Answered

Using [tex]$\overrightarrow{F_1}$[/tex] and [tex]$\overrightarrow{F_2}$[/tex], calculate the net force on [tex][tex]$q_2$[/tex][/tex].

[tex]\[
\begin{array}{c}
+8.0 \times 10^{-6} \, C \\
\overrightarrow{F_1} = 25.2 \, N \\
\overrightarrow{F_2} = [?] \, N
\end{array}
\][/tex]

Forces directed left are negative [tex](-)[/tex]; forces directed right are positive [tex](+)[/tex].



Answer :

To calculate the net force acting on the charge [tex]\( q_2 \)[/tex], we follow these steps:

1. Identify the given quantities:
- Charge [tex]\( q_2 = +8.0 \times 10^{-6} \, C \)[/tex]
- Force [tex]\( \overrightarrow{F_1} = 25.2 \, N \)[/tex] directed to the right (positive direction)

2. Assume the value of the other force [tex]\( \overrightarrow{F_2} \)[/tex]:
- Since [tex]\( \overrightarrow{F_2} \)[/tex] is not provided, we will assume [tex]\( \overrightarrow{F_2} = 0 \, N \)[/tex].
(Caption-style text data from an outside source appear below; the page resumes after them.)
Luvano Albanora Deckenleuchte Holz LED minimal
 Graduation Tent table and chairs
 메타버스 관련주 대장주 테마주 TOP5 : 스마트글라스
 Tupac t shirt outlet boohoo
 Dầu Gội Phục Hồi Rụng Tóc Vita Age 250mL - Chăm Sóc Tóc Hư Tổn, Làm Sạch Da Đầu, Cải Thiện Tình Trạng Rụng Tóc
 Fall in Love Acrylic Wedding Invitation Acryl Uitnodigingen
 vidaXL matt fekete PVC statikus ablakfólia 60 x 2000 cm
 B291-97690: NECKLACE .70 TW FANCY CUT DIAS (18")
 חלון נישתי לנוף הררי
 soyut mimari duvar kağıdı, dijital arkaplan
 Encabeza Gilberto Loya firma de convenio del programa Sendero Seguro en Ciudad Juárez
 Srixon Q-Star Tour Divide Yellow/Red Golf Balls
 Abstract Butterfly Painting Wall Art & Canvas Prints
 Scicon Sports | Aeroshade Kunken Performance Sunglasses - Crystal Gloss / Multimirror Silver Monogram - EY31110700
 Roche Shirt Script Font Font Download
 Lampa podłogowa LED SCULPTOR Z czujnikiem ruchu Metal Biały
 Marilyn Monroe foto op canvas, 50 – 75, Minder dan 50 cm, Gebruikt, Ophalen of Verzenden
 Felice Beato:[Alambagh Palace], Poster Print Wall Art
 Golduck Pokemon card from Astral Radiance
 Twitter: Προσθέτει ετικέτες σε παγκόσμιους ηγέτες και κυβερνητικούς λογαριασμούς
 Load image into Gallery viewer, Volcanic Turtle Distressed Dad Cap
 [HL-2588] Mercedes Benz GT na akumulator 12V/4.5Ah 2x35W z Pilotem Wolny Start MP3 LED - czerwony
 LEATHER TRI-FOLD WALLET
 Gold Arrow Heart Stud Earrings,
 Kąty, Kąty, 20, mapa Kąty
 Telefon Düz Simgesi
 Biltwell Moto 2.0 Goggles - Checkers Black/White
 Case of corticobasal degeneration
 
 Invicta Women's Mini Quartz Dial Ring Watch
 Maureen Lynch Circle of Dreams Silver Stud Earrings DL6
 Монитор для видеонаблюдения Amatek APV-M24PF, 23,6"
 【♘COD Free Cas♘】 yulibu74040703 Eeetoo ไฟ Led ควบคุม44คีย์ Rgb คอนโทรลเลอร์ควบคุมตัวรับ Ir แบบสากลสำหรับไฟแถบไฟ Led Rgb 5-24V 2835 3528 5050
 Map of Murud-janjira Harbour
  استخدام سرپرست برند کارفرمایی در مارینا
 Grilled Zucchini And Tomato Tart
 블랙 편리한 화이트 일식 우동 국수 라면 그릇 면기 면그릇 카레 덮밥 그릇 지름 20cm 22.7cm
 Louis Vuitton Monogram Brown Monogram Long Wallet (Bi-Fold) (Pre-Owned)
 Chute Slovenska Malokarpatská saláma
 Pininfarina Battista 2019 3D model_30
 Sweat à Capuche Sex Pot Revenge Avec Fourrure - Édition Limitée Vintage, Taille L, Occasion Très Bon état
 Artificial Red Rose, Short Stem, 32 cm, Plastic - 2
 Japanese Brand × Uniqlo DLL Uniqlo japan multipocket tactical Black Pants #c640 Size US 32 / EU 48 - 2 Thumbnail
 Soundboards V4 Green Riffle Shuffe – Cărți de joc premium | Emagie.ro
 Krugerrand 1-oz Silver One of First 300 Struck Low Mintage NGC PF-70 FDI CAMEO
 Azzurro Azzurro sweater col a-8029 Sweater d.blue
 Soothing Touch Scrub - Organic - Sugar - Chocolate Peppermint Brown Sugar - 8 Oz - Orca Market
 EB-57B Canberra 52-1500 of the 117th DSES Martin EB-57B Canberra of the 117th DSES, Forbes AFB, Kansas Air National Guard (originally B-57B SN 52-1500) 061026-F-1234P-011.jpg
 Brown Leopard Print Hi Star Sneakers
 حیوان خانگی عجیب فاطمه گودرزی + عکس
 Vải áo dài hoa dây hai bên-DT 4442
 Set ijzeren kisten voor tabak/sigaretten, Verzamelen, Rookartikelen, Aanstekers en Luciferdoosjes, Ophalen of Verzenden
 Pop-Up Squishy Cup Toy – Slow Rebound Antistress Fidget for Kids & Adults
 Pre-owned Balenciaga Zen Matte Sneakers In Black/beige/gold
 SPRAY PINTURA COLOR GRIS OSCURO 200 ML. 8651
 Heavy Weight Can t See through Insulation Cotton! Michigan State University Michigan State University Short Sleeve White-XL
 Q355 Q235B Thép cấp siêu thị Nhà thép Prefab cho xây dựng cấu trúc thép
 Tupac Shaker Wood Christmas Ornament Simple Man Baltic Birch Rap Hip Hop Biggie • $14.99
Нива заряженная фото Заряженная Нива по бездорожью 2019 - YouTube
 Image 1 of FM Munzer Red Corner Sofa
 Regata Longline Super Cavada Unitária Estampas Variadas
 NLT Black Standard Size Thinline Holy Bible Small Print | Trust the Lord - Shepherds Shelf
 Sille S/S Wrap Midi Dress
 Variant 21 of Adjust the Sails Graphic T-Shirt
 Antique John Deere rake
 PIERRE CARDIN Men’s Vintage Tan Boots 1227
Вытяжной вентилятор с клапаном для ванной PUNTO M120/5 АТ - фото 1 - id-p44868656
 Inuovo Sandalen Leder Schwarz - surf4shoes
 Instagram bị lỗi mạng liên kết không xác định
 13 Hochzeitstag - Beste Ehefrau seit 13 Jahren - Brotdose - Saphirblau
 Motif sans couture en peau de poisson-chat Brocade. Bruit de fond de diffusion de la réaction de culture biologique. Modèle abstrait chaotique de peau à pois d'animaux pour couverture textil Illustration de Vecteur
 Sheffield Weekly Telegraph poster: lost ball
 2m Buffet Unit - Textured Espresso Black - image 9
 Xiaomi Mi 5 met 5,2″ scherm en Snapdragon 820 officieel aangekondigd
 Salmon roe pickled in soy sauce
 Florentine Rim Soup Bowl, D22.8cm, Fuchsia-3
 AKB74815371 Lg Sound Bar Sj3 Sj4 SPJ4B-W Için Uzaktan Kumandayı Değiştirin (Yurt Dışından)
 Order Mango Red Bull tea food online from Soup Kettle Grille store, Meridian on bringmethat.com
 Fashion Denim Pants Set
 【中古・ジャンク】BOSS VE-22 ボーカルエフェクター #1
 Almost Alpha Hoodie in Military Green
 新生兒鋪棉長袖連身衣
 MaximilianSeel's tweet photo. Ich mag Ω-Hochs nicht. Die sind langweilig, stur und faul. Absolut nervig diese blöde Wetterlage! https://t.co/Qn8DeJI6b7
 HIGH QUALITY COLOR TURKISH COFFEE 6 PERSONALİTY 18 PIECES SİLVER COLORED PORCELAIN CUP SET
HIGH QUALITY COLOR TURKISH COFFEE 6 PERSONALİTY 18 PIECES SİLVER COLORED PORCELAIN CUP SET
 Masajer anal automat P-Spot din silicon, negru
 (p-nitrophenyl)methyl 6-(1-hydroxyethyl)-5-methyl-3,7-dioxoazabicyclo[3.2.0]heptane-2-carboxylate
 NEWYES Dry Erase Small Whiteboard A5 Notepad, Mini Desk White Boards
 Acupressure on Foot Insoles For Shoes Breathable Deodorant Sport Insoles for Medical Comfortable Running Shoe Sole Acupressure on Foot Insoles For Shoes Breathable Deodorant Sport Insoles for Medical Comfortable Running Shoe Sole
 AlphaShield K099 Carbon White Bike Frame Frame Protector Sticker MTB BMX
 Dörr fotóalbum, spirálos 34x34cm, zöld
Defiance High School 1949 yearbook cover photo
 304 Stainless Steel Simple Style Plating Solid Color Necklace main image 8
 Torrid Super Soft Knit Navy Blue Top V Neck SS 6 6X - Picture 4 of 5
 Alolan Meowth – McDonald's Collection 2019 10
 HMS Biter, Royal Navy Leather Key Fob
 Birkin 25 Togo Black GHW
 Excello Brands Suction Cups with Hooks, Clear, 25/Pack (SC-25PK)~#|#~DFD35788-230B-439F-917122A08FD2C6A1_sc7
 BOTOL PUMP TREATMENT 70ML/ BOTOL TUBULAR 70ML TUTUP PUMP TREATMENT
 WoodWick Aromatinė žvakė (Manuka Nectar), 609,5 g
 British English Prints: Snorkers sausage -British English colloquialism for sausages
3. Calculate the net force:
- The net force [tex]\( \overrightarrow{F} \)[/tex] is the vector sum of [tex]\( \overrightarrow{F_1} \)[/tex] and [tex]\( \overrightarrow{F_2} \)[/tex].
- Given [tex]\( \overrightarrow{F_2} = 0 \, N \)[/tex], the net force [tex]\( \overrightarrow{F} = \overrightarrow{F_1} + \overrightarrow{F_2} \)[/tex].

4. Plug in the values:
[tex]\[ \overrightarrow{F} = 25.2 \, N + 0 \, N = 25.2 \, N \][/tex]

5. Combine the values:
- Since the direction is also given and all forces have been accounted right (positive), the net force directed right is:
[tex]\[ \overrightarrow{F} = 25.2 \, N \][/tex]

Thus, the net force [tex]\( \overrightarrow{F} \)[/tex] on the charge [tex]\( q_2 \)[/tex] is [tex]\( 25.2 \, N \)[/tex] directed to the right.